4 a.m.
- First edition including a quote from John Niven
- Author: Nina de la Mer
- Publisher: Myriad Editions
- Publication date: 26 August 2011
- Pages: 272
- ISBN: 978-0-9565599-5-1
- OCLC: 751657838

= 4 a.m. (novel) =

2011 novel by Nina De la Mer

4 a.m. is the debut novel of Scottish author Nina de la Mer. It was first published in the UK on 26 August 2011 by Brighton-based publishing house Myriad Editions. The novel draws on the author's personal experiences and research, covering rave culture of the 1990s and peacetime life in the British Army.

== Plot ==
The book follows Cal and Manny, two British army chefs stationed in Germany during the early 1990s. The two are quickly bored by the daily comings and goings of military life and begin to take part in the activities of the red-light district in Hamburg, using recreational drugs and attending raves. Very soon, their drug usage begins to clash with their military duties and lives, leading to the pair undergoing pressure on their military jobs, friendships, and personal lives.

== Critical reception==
The novel was reviewed in the Scottish and UK national press, with the Glasgow Herald remarking, "It's about time we had a female Irvine Welsh". The Guardians Catherine Taylor took a more equivocal line, praising the novel's "electric" narrative but disliking the pop-cultural references. Mike Cobley of The Brighton Magazine was more impressed, writing "It had me gripped from the off, and by its close I felt I'd actually been willingly dragged kicking and screaming though Nina's fictional world, and emerged a more rounded and less judgmental human being for my efforts," adding, "Novel of the year? I've yet to read a better one." Lesley McDowell of The Scottish Review of Books wrote that "De la Mer does an excellent job producing authentic voices ... The depiction of troubled masculinity in an urban setting is something we have long associated with male Scottish writers, and it’s encouraging to see a woman take this subject on board."

De la Mer also received praise from her peers; novelist John Niven said that it was "Mesmerizing.

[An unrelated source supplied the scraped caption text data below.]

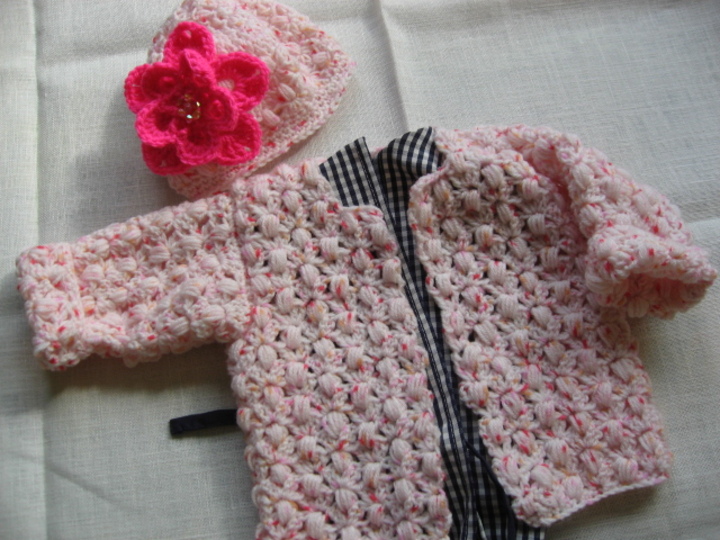 Baby Häkeljacke in Noppenmuster Gr. 62 – 68 cm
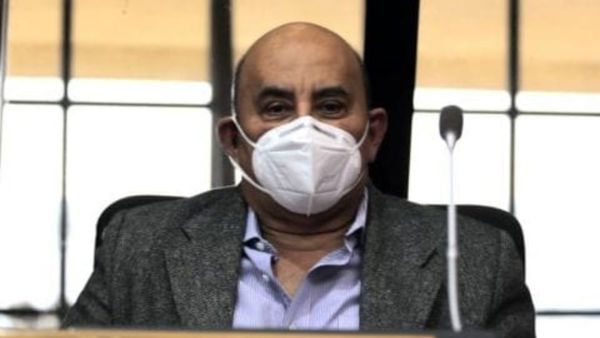 Diputado propone que sea libre portar armas en el vehículo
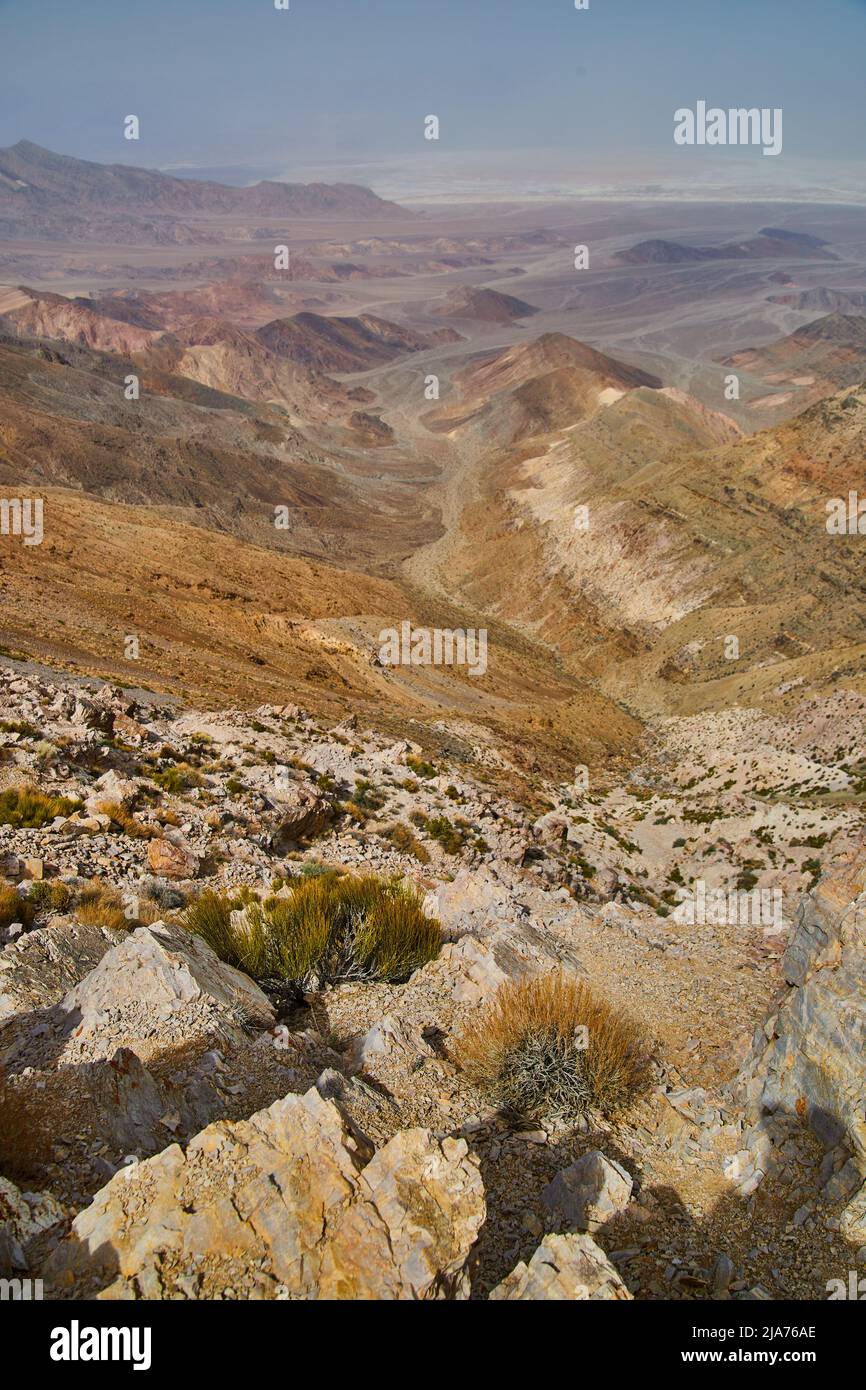 La Valle della morte offre una vista mozzafiato dalla cima della montagna Foto Stock
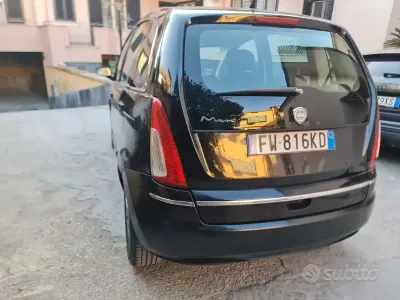 Usata Lancia Musa 90 CV (66 kW) 2008 Marrone Monovolume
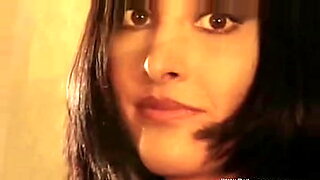 phim sex anh trai cham soc em gai o vien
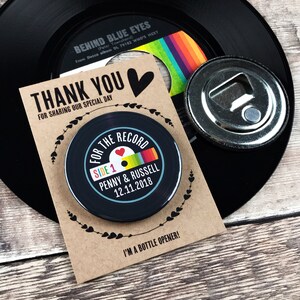 Flesopenermagneten bruiloft bedankje - vinylplaat regenboogontwerp met rustieke mini-achterkaarten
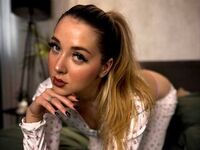 hot web cam show EmilyHawke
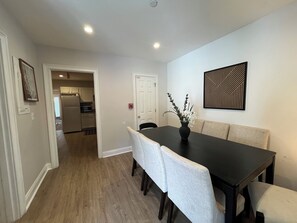 Dining - 19 Bedroom 26 Beds 13 Bath - Sleeps 50 - 5 min fr Coliseum - 10 min fr Airport (North Charleston)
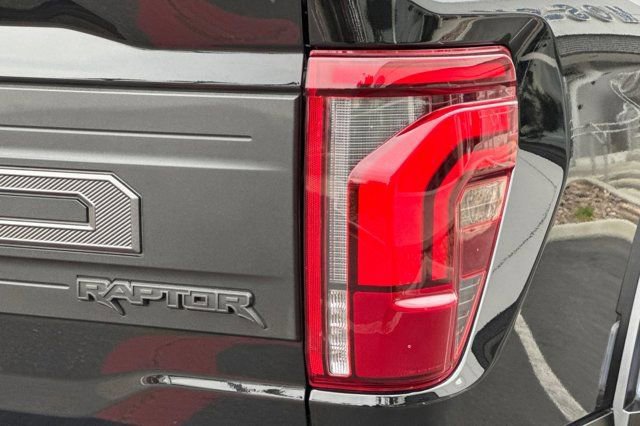 Used 2024 Ford F150 Raptor image 28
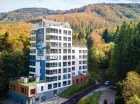 Apartamentowiec Kiczora otoczony lasami Beskidu Małego w jesiennej szacie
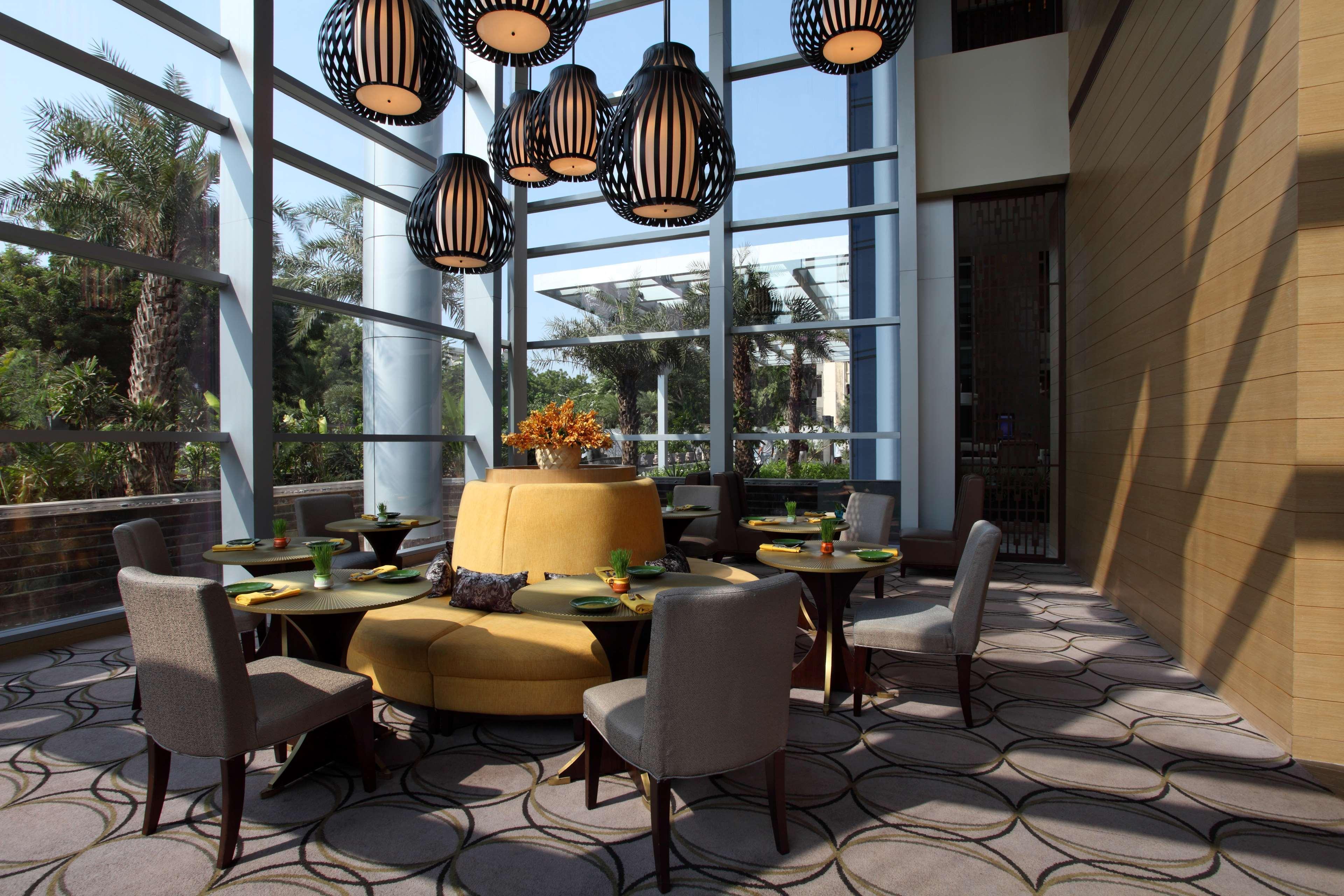 Hyatt Regency Ahmedabad Hotel Luaran gambar The restaurant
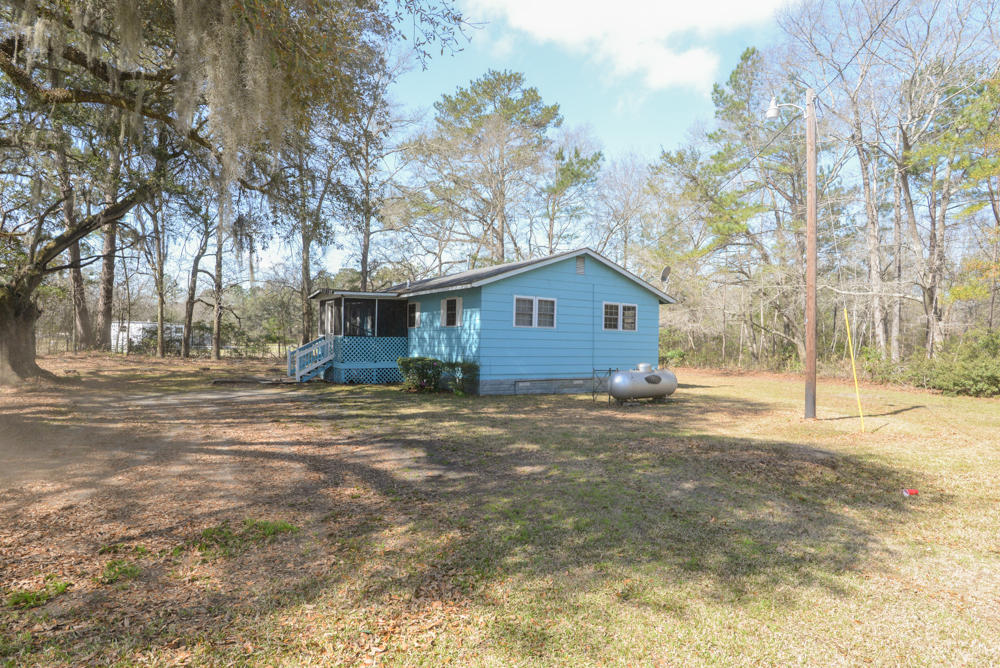 5852 Scott White Road Hollywood, SC 29449 - Photo 4 of 13 Back-2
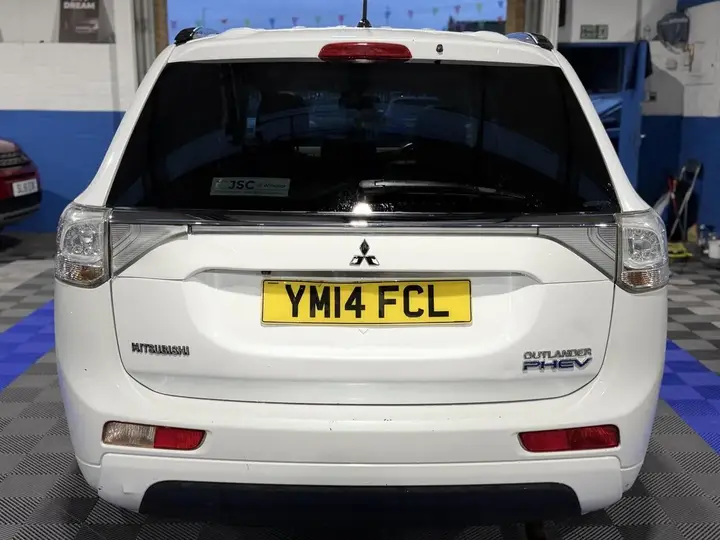 Mitsubishi Outlander 2014 photo 4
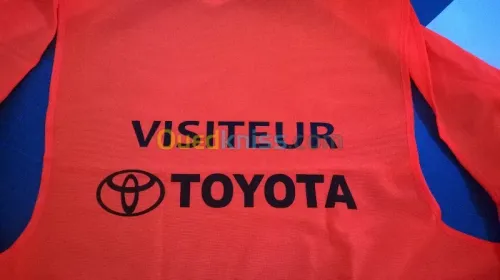 Enseigne-COM-Panneau-Autocollant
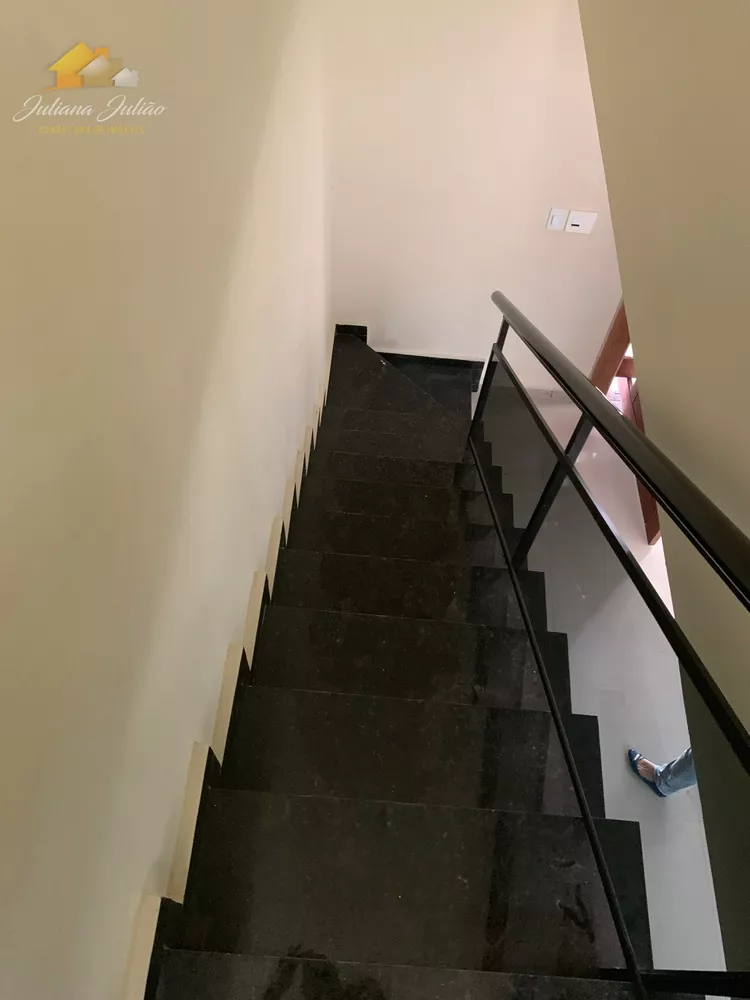Casa, 3 quartos, 184 m² - Foto 4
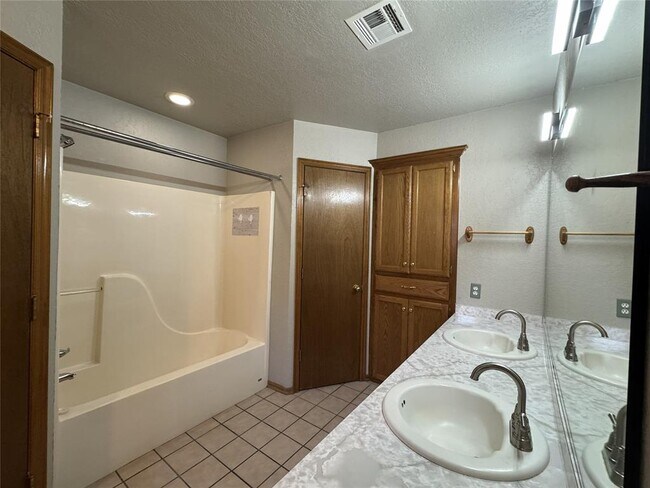 Building Photo - 13320 Cayman Ln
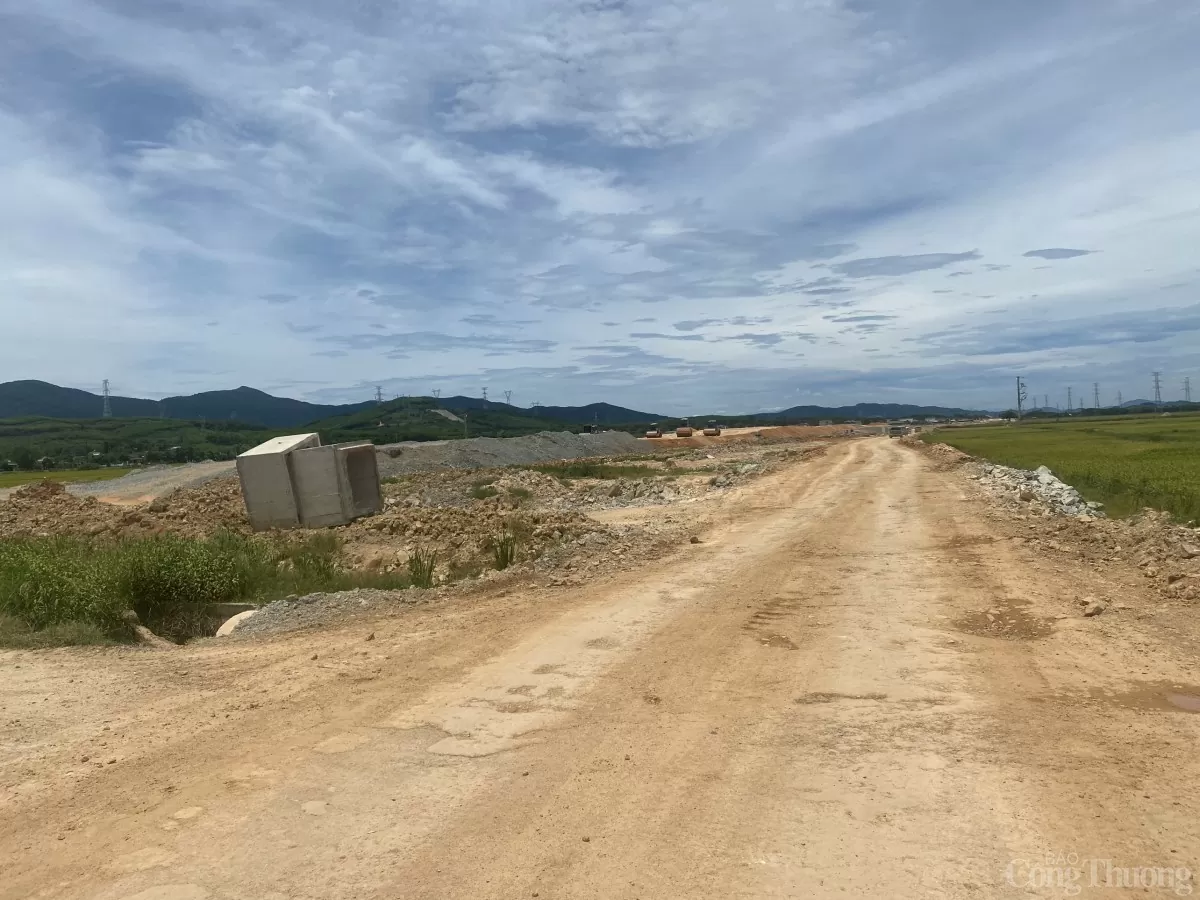 Cần lan tỏa tinh thần 'Chỉ bàn làm, không bàn lùi' trong thực hiện các dự án phát triển hạ tầng giao thông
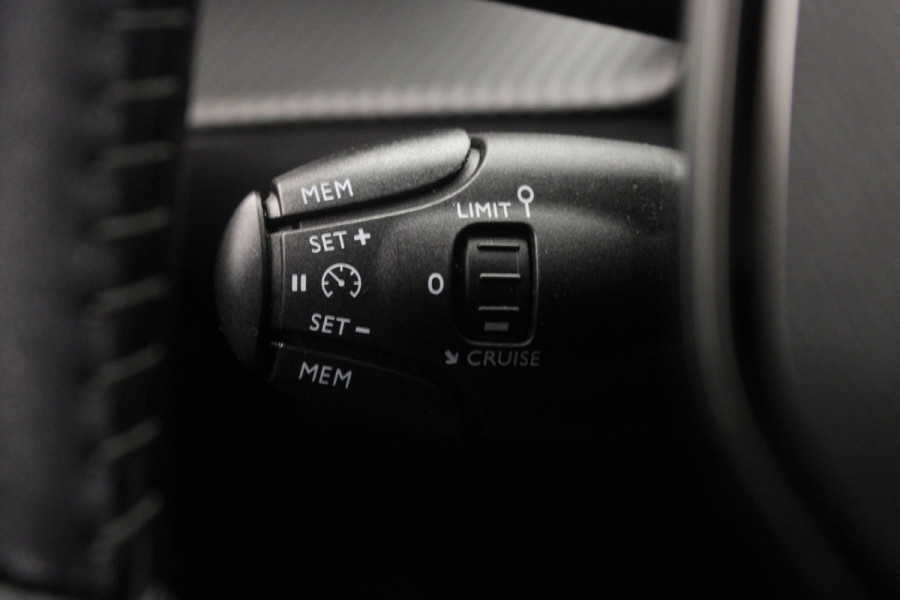 Peugeot 208 1.2 PureTech Blue Lease Active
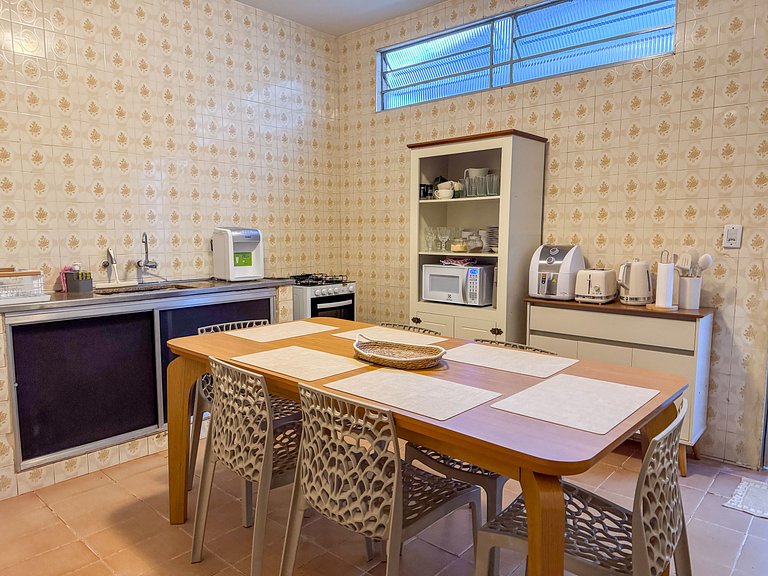 Casa ampla com 3 quartos e ar-cond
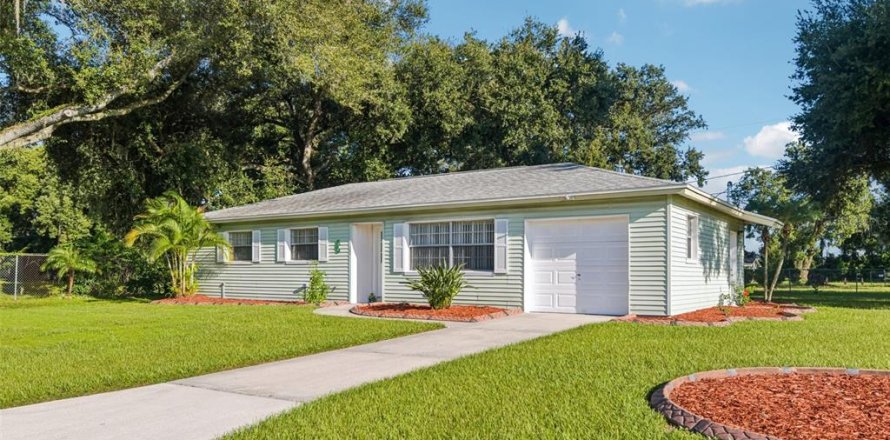 Casa en Seffner, Florida 3 dormitorios, 118.17 m2 № 2383788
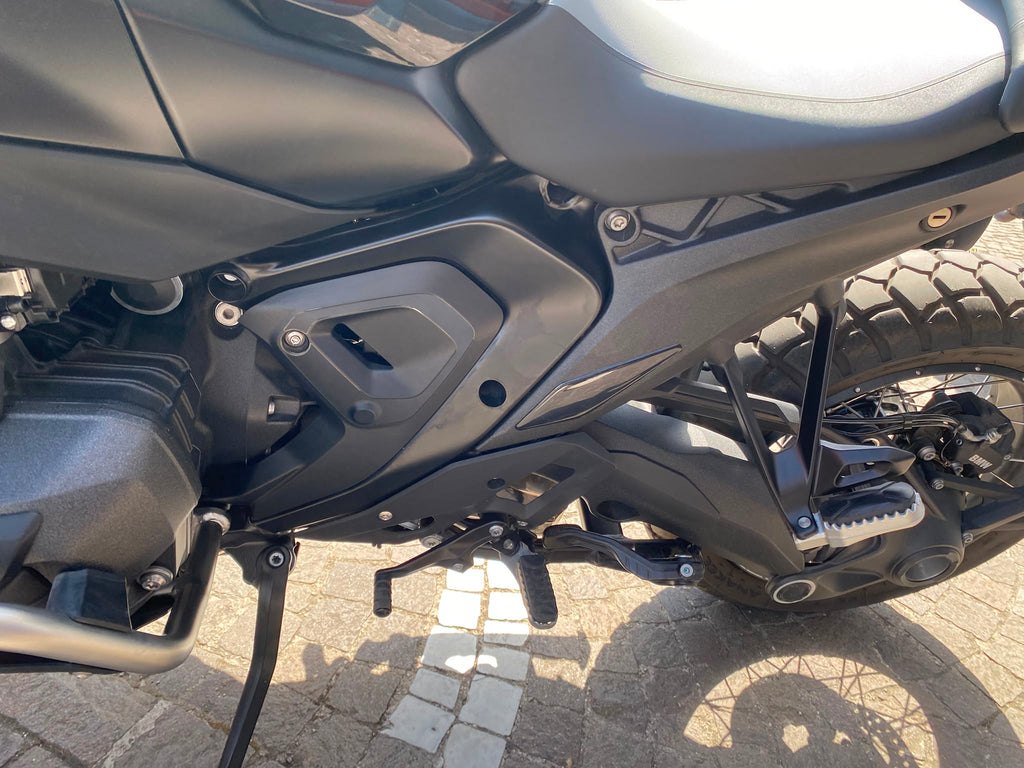 BMW R 1300 GS TRIPLE BLACK - 2025 - KM 3398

And kind of frightening that a female writer can crawl so far into the male psyche", while Ian Rankin tweeted that the book was "very original, with really credible characters and a great sense of time and place", and Christopher Brookmyre called it "as vicariously thrilling in its portrayal of the hedonistic highs as it is honest in its depiction of how transient and empty those good times are".

Literary bloggers reviewed the book, with Pamreader calling it "an outstanding first novel", Mardi Stewart of New Books Magazine calling it "must read" and Alex Wood of the Caledonian Mercury referring to de la Mer's "fine grasp of character and ... perceptive engagement with serious issues."